*** Block opens ***

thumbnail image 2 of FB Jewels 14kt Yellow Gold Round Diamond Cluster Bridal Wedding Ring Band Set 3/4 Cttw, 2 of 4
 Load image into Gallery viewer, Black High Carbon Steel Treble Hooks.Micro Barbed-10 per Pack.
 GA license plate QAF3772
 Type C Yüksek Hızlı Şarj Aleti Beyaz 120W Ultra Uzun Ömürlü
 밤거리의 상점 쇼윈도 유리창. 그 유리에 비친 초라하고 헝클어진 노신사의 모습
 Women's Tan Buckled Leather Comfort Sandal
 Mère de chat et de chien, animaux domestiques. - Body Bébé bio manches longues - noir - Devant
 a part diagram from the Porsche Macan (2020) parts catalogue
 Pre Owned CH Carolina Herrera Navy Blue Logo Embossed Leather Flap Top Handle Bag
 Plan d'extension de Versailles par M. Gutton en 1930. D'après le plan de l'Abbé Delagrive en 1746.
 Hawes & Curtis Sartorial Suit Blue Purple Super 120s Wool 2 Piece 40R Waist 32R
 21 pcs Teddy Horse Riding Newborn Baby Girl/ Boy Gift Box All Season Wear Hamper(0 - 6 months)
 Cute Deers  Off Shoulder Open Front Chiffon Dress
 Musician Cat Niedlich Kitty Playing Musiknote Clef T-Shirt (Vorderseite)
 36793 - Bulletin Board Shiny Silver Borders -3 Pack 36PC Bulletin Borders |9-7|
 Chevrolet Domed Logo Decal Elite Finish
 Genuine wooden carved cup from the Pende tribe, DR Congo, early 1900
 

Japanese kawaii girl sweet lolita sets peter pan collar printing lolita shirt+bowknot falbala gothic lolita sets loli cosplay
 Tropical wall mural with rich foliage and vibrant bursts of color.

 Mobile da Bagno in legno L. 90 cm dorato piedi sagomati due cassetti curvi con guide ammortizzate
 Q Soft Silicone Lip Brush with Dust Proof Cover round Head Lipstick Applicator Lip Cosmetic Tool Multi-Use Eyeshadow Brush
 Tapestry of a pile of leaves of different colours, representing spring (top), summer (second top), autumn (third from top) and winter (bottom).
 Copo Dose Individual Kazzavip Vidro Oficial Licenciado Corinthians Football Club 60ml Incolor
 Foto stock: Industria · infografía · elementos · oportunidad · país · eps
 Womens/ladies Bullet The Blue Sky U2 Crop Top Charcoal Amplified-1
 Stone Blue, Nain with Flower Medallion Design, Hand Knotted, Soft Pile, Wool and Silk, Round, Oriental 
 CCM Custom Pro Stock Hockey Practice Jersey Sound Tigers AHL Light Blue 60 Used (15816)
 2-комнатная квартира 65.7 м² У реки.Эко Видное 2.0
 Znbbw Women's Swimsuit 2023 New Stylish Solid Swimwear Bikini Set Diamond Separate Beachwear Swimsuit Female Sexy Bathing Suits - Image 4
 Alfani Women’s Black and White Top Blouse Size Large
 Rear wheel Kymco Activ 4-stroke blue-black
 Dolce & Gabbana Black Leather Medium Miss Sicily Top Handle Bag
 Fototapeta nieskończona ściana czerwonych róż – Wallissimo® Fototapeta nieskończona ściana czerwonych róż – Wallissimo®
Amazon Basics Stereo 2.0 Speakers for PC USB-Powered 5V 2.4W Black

*** Block closes ***

» What is expected
Please return the lines above exactly, from the first one down to the line with "Tropical wall mural", and stop after that line.

» Expected answer
thumbnail image 2 of FB Jewels 14kt Yellow Gold Round Diamond Cluster Bridal Wedding Ring Band Set 3/4 Cttw, 2 of 4
 Load image into Gallery viewer, Black High Carbon Steel Treble Hooks.Micro Barbed-10 per Pack.
 GA license plate QAF3772
 Type C Yüksek Hızlı Şarj Aleti Beyaz 120W Ultra Uzun Ömürlü
 밤거리의 상점 쇼윈도 유리창. 그 유리에 비친 초라하고 헝클어진 노신사의 모습
 Women's Tan Buckled Leather Comfort Sandal
 Mère de chat et de chien, animaux domestiques. - Body Bébé bio manches longues - noir - Devant
 a part diagram from the Porsche Macan (2020) parts catalogue
 Pre Owned CH Carolina Herrera Navy Blue Logo Embossed Leather Flap Top Handle Bag
 Plan d'extension de Versailles par M. Gutton en 1930. D'après le plan de l'Abbé Delagrive en 1746.
 Hawes & Curtis Sartorial Suit Blue Purple Super 120s Wool 2 Piece 40R Waist 32R
 21 pcs Teddy Horse Riding Newborn Baby Girl/ Boy Gift Box All Season Wear Hamper(0 - 6 months)
 Cute Deers  Off Shoulder Open Front Chiffon Dress
 Musician Cat Niedlich Kitty Playing Musiknote Clef T-Shirt (Vorderseite)
 36793 - Bulletin Board Shiny Silver Borders -3 Pack 36PC Bulletin Borders |9-7|
 Chevrolet Domed Logo Decal Elite Finish
 Genuine wooden carved cup from the Pende tribe, DR Congo, early 1900
 

Japanese kawaii girl sweet lolita sets peter pan collar printing lolita shirt+bowknot falbala gothic lolita sets loli cosplay
 Tropical wall mural with rich foliage and vibrant bursts of color.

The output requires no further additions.